What is needed: Could you transcribe the records below exactly, leaving out every picture?

Excerpted records:
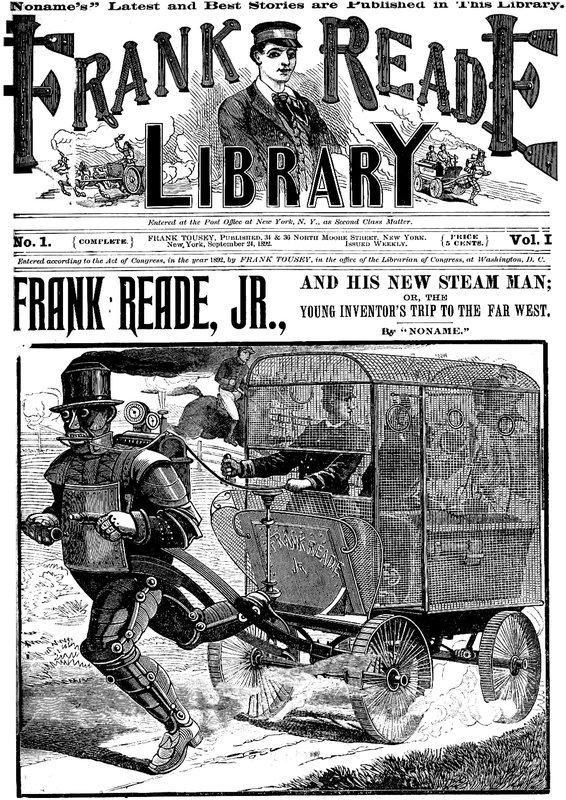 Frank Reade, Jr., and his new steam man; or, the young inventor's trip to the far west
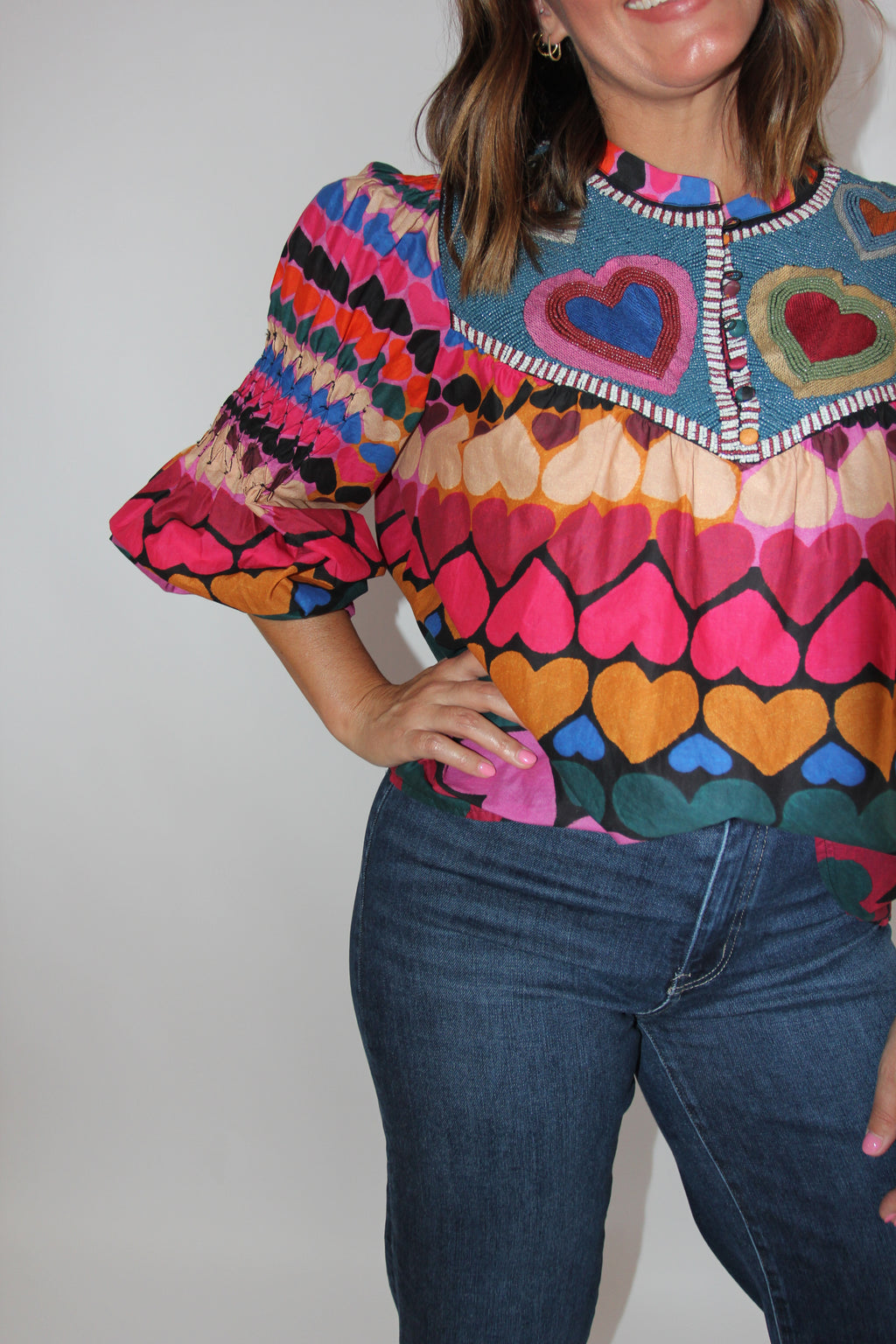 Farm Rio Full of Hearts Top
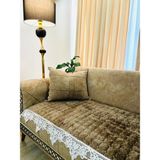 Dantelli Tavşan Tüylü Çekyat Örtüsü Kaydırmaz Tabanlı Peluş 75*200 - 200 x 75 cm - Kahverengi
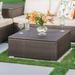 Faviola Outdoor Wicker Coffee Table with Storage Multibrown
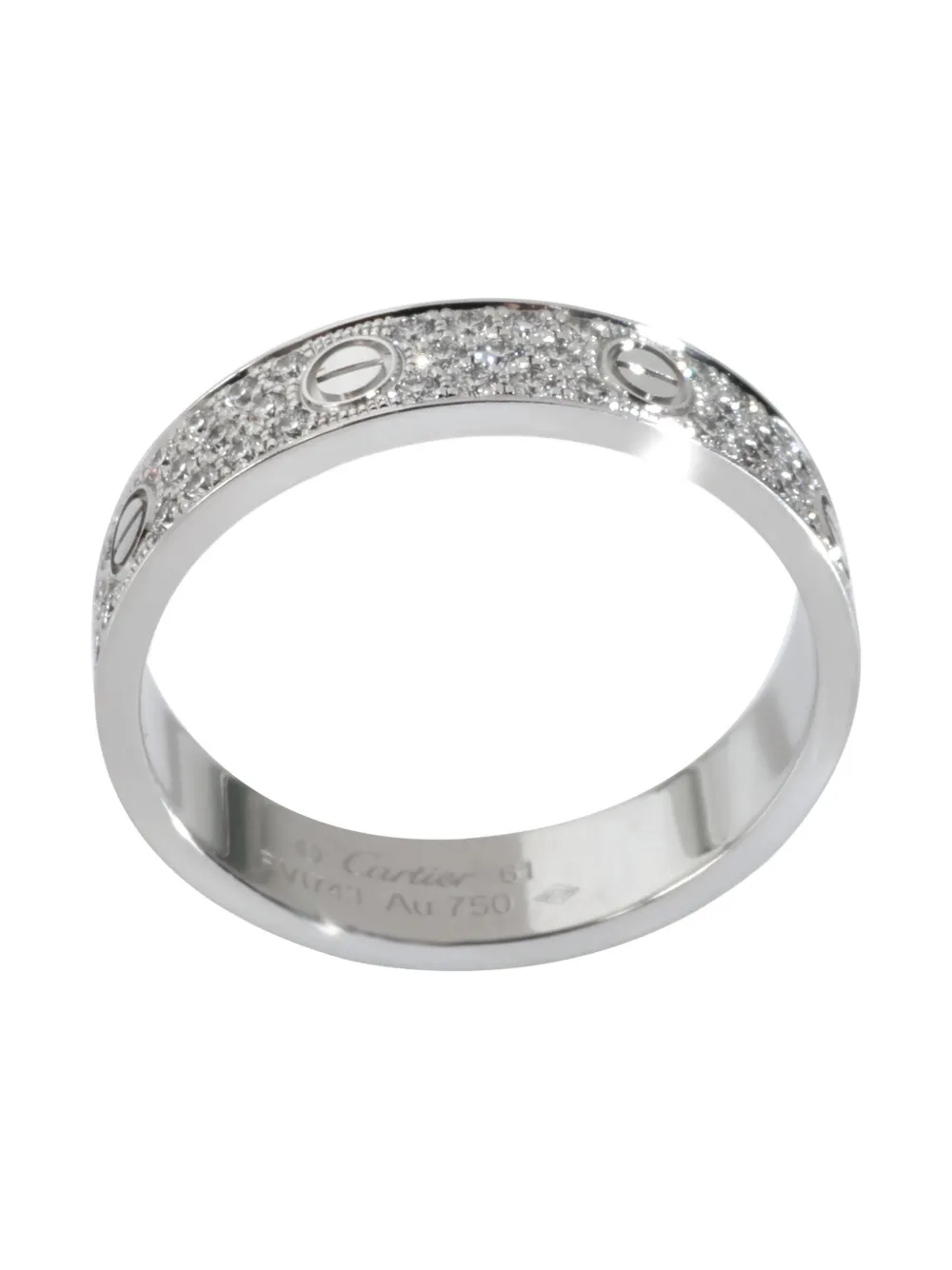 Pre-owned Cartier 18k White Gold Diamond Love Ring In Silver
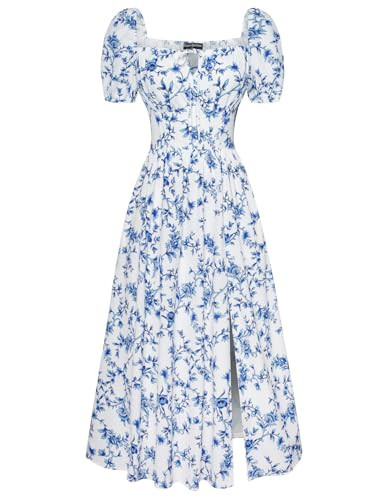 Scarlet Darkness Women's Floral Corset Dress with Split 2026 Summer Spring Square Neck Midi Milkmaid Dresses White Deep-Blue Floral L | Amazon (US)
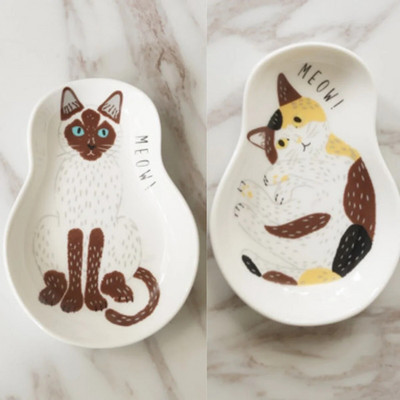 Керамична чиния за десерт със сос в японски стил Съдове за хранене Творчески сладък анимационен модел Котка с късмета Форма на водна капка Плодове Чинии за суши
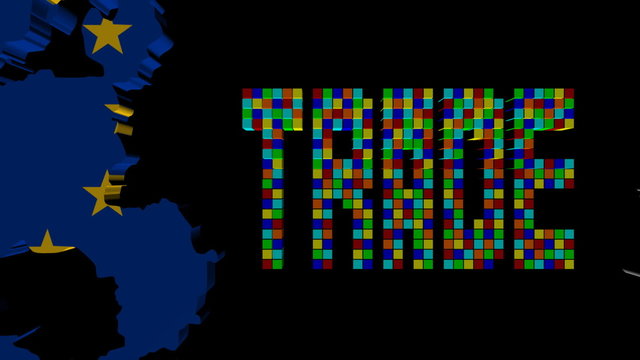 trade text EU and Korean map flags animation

The completed task:
 Frank Reade, Jr., and his new steam man; or, the young inventor's trip to the far west
 Farm Rio Full of Hearts Top
 Dantelli Tavşan Tüylü Çekyat Örtüsü Kaydırmaz Tabanlı Peluş 75*200 - 200 x 75 cm - Kahverengi
 Faviola Outdoor Wicker Coffee Table with Storage Multibrown
 Pre-owned Cartier 18k White Gold Diamond Love Ring In Silver
 Scarlet Darkness Women's Floral Corset Dress with Split 2026 Summer Spring Square Neck Midi Milkmaid Dresses White Deep-Blue Floral L | Amazon (US)
 Керамична чиния за десерт със сос в японски стил Съдове за хранене Творчески сладък анимационен модел Котка с късмета Форма на водна капка Плодове Чинии за суши
 trade text EU and Korean map flags animation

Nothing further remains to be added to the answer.